Deze les is gebaseerd op de fabel De Egel En De Haas.

Het verhaal

Dit verhaal klinkt als een leugenverhaal. Maar de grootvader van de verteller verzekerde dat het waar is, omdat het anders niet verteld kan worden. Op zondagmorgen in de herfst was iedereen vrolijk en mensen gaan in zondagse kleding naar de kerk. De egel staat voor zijn deur en wil zijn knolraap bekijken in het veld. Deze plant groeit het dichtst bij zijn huis en daarom beschouwt hij hem als zijn eigendom. Bij de hoek aan de rand met het veld met sleedoorn komt hij de haas tegen.
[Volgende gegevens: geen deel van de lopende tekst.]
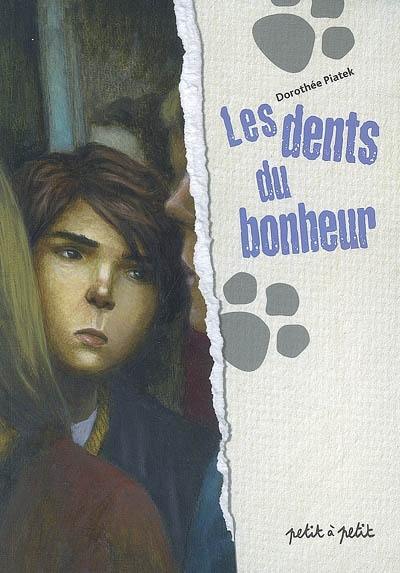 Les dents du bonheur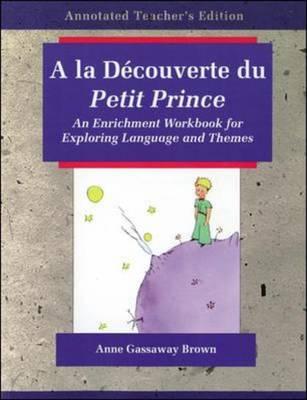 Image for a la Decouverte Du Petit Prince: An Enrichment Workbook for Exploring Language and Themes (English and French Edition)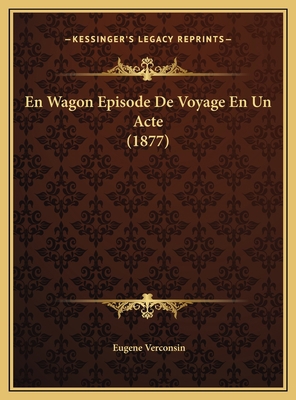 En Wagon Episode De Voyage En Un Acte (1877) [French] 1169467067 Book Cover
De haas vraagt alleen waarom de egel in het veld is als hij wordt gegroet door de egel. Als de haas hoort dat de egel een wandeling maakt, maakt hij hem belachelijk.

De egel kan niet over de opmerkingen over zijn poten en daagt de haas uit tot een hardloopwedstrijd. Een fles brandewijn en een gouden dukaat worden op het spel gezet en ze schudden elkaar de hand. De egel wil eerst naar huis om te ontbijten en hij laat zijn vrouw meekomen. De vrouw moet beneden in een vore gaan staan en de haas en de egel zullen vanuit een vore naar haar toekomen. Als de haas nabij is, moet ze roepen “ik ben er al”. De haas en de egel starten en de haas neemt meteen een enorme voorsprong. De egel hurkt na drie stappen en blijft rustig zitten.
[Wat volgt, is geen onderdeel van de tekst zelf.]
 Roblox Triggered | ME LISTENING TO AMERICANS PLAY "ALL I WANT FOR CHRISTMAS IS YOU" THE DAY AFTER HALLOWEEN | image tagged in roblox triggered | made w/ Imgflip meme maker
De haas is stomverbaasd als hij de egel al beneden ziet en hij rent terug. Boven roept de egel ook “ik ben er al” en de haas rent opnieuw naar beneden. Bij de vierenzeventigste keer haalt de haas het niet meer en hij stort dood neer. Bloed stroomt uit zijn keel en de egel pakt de gouden dukaat en de fles brandewijn en hij gaat met zijn vrouw naar huis. Als ze niet gestorven zijn, leven ze nog. Dit was het verhaal van de egel die op de Bokslagse hei de haas doodliep. Niemand, al is men nog zo voornaam, mag spotten met een eenvoudig schepsel. Neem een vrouw van je eigen stand, iemand die er net zo uitziet als jijzelf.

(Afkomstig van Wikipedia)

Ritmisch spreken

Welke tekens zie je boven de letters staan?
Wat betekenen ze?

(stip = kwartnoot, blokje = halve noot, streepje = hele noot)

Zelf maken

Maak nu zelf een ritme met puntjes, blokjes en streepjes. Teken op een papier een tabel met 1 rij en 4 kolommen:

Let op: in elk vakje passen 4 stippen, 2 blokjes of 1 streep.
2 stippen en 1 blokje mag ook! Volgorde mag je zelf weten.

Oefen om je zelfgemaakte ritme te klappen.

Uitvoeren

Al klappend laten enkele kinderen hun ritme horen. Eventueel kun je ter ondersteuning de puls van de vier-kwartsmaat meespelen. Tel dan tot vier vooraf.

Variatie 1: De kinderen mogen een instrument gebruiken.

Variatie 2: Twee kinderen spelen of klappen hun ritme tegelijkertijd. Tel dan tot vier vooraf.